Life is not always about sticking rigidly to the rules y'know. Communal living certainly isn't about sticking rigidly to the rules. Some people are so petty sometimes about very minor issues.


----------



## galwaytt

KalEl said:


> The OP should do the decent thing, take down the dish and have some respect from his neighbours.


 
The OP didn't mention anythiing about his neighbours, except to say a lot of them also had dishes, so it isn't necessarily his neighbours who're the problem. In fact, the mgt agent/company should do the decent thing and approach the residents on the issue - call an EGM if necessary - rather doing, as I suspect, taking every opportunity to attempt to extract the (removal) fee. This is akin to the old speed camera debate...........

And as long as the agent OR company are sending you an annual bill, they are and continue to be, your customer, not the other way 'round. Which means that yes, absolutely some/all of the above can be changed, you just have to get it on the agenda of the AGM or indeed an EGM, and get it done so.

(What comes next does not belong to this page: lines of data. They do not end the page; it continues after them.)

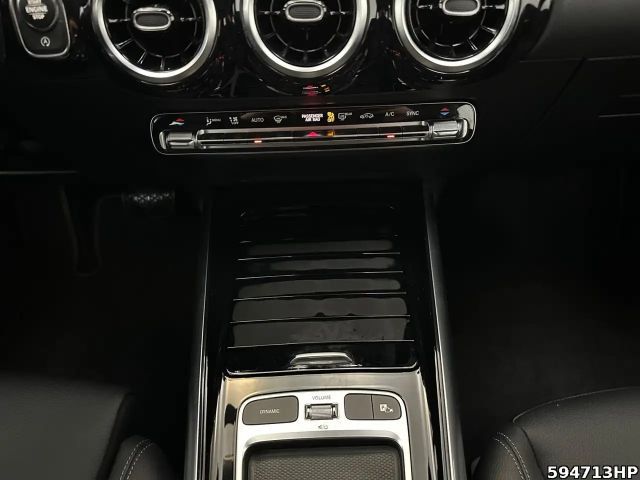 Mercedes-Benz GLA 200 Progressive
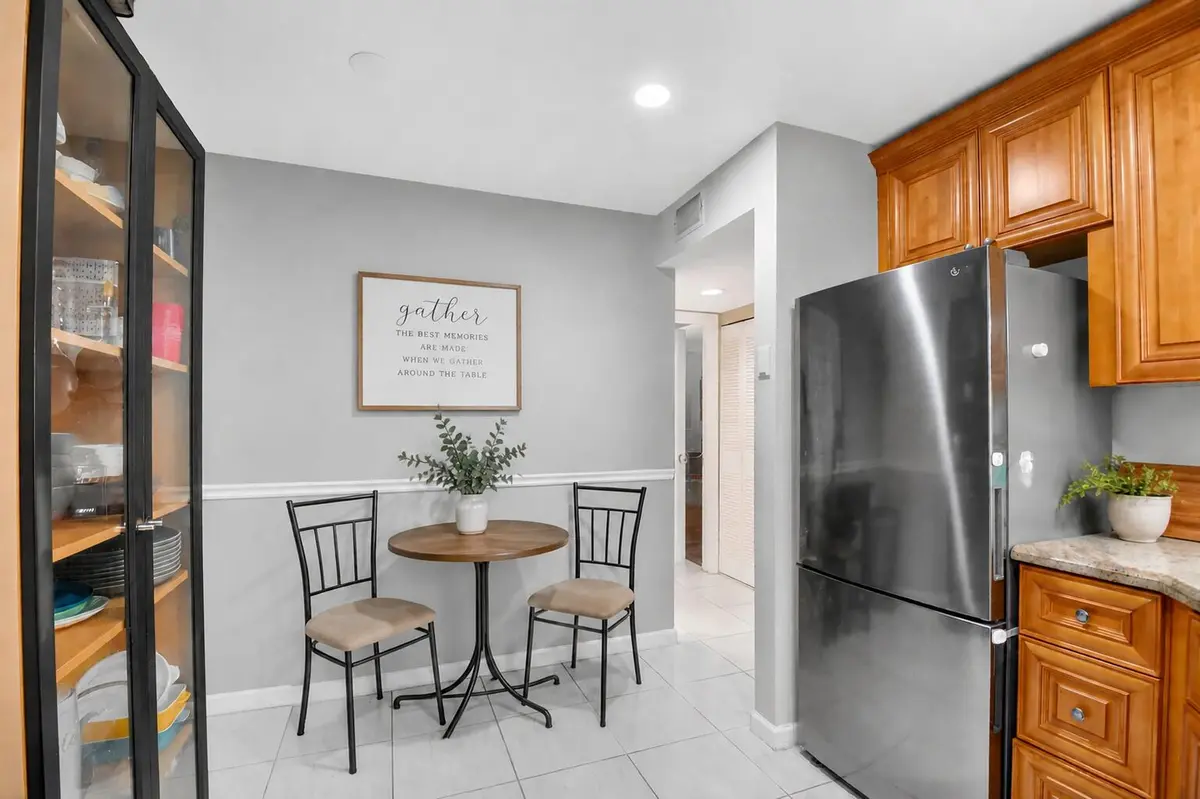 Kitchen at 14 VIA DE CASAS SUR 104, Boynton Beach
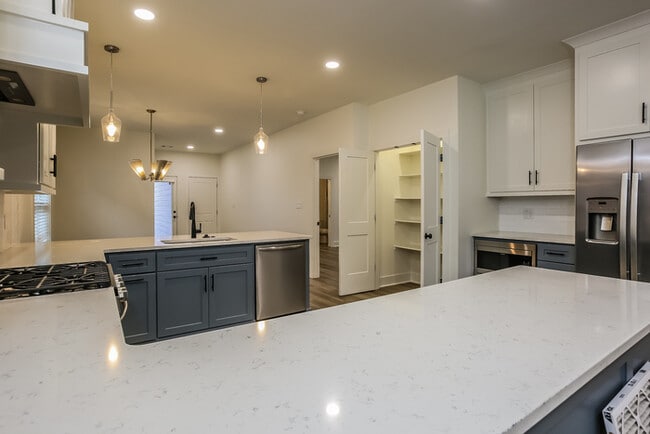 Photo - 16304 Lamarche Dr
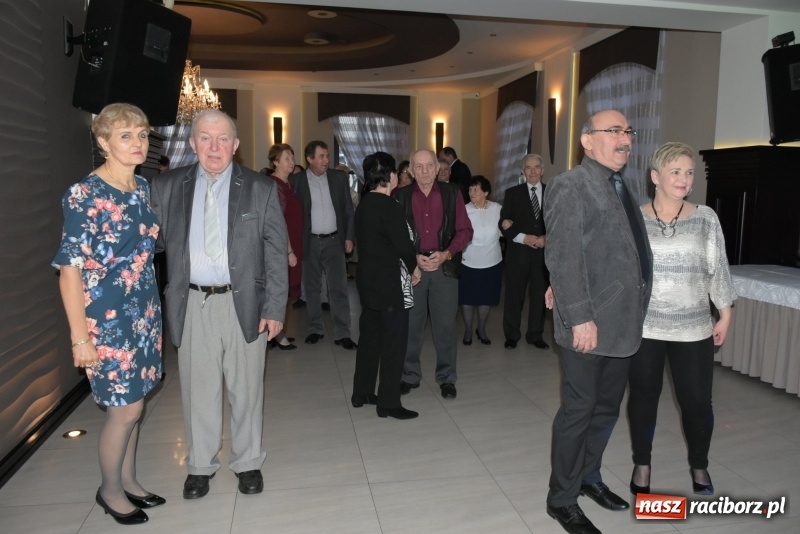 Zdjęcie w galerii na portalu naszraciborz.pl: Wyginam śmiało ciało – babcie i dziadkowie w karnawałowym nastroju  wiadomości z regionu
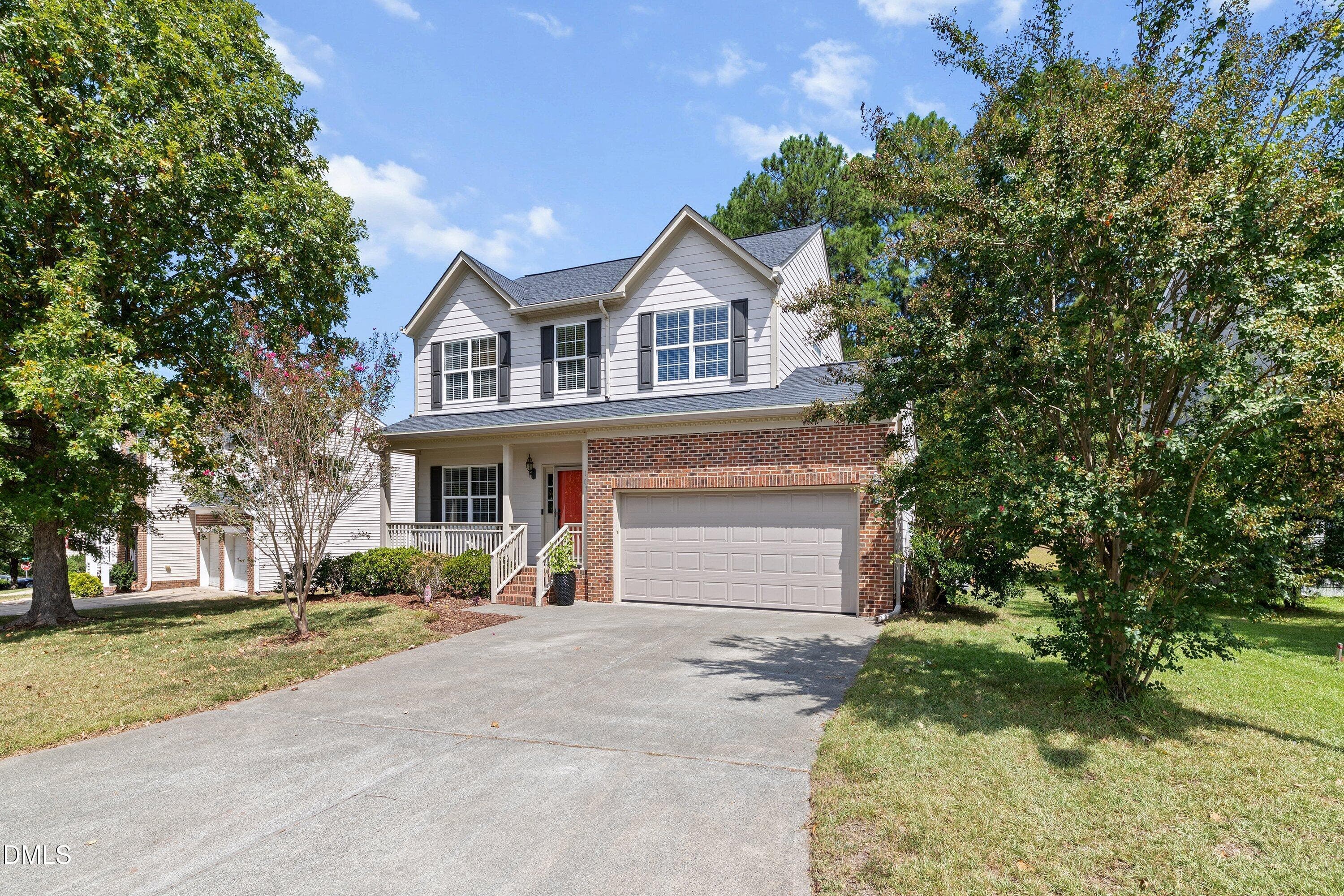 Front-mature landscapes - 107 Stoney Drive, Durham, NC 27703, Durham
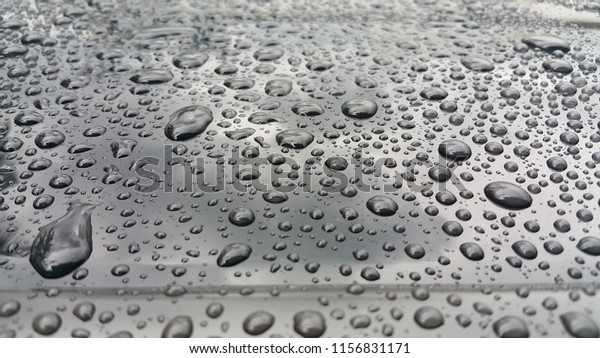 Rain on the\
roof of the car , beautiful\
texture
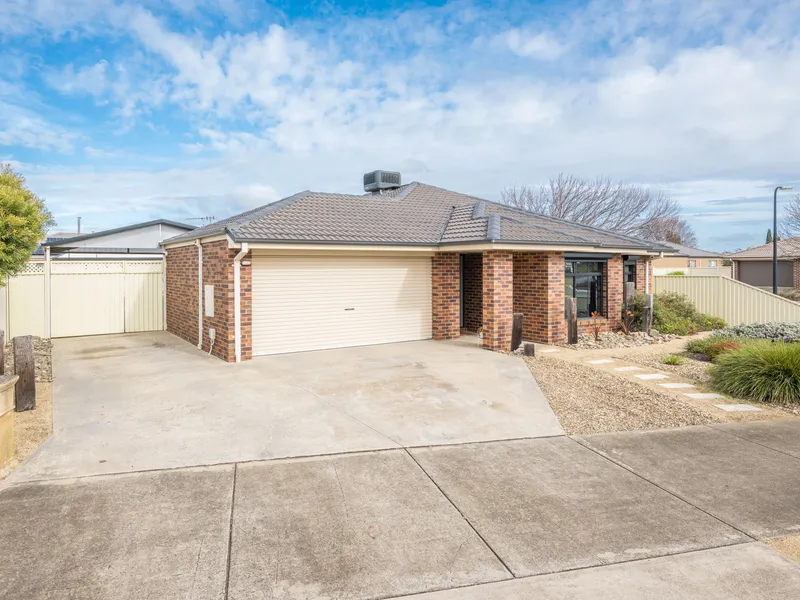 3 Bedroom in North Shepparton with huge entertaining area & shed.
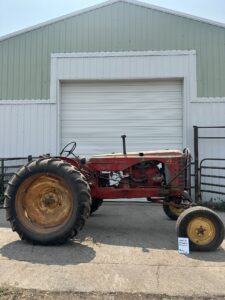 TRACTOR 172 1952 MH 44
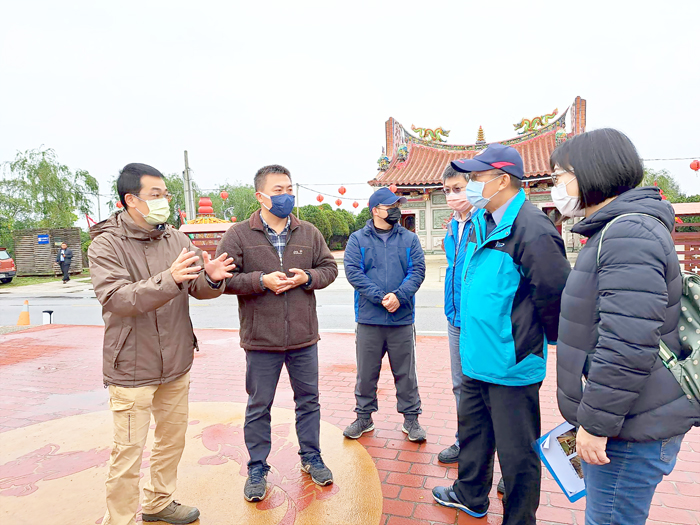 盼降低水獺路殺憾事，議員董森堡（左一）邀集金寧鄉代表李俊龍（左二）及相關單位共同會勘。（董森堡服務處提供）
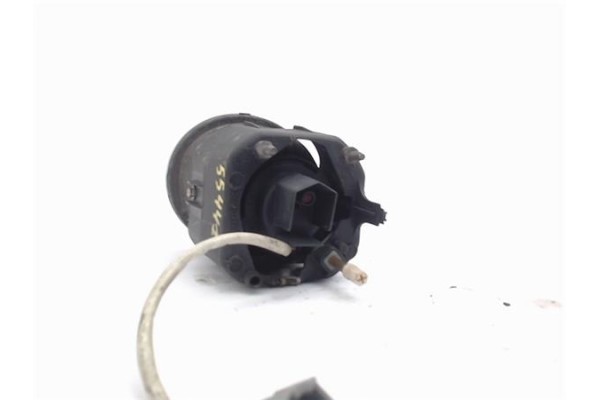 Recambio de faro antiniebla derecho para nissan x-trail (t30) 2.2 di 4x4 referencia OEM IAM 261548H900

By virtue of the fact that a person owns an apartment, he can rightly assert his claim to influence what happens to that property in common (walls/halls/stairs). Including attaching dishes.  The management agent or company have no legal tenancy on anything related to the building itself, whatsoever.


----------



## KalEl

galwaytt said:


> By virtue of the fact that a person owns an apartment, he can rightly assert his claim to influence what happens to that property in common (walls/halls/stairs). Including attaching dishes. The management agent or company have no legal tenancy on anything related to the building itself, whatsoever.


 
Read some of my earlier posts regarding the distinction between management companies and management agents. Also regarding leases and communal areas.
I'm sorry, but you are just spoofing about something you seem to know little about.


----------



## Thrifty1

galwayatt said:
			
		

> _By virtue of the fact that a person owns an apartment, he can rightly assert his claim to influence what happens to that property in common (walls/halls/stairs). Including attaching dishes. The management agent or company have no legal tenancy on anything related to the building itself, whatsoever._


 
Please take KalEl's advise - management agent are well within their right to insisit the dish is removed.

If you purchase the apt you have a leasehold not a freehold, and you cannot "own" the common areas, which as has been previously stated includes the outside walls.


----------



## Gabriel

Surely, at this point in proceedings, the best argument put forward has been that the management agent, rather than enforcing a rule (which many see as nonsense within certain context) should try and find a viable solution. 

I own a duplex so know the "rules" regarding the walls (which I share with my downstairs neighbour) but that doesn't stop many people from hanging baskets of flowers or indeed satellite dishes out of said walls. Our own management agent seems to have no great issue with this...ie they do not blindly enforce the rule, as they do not see much of it as "an eyesore". 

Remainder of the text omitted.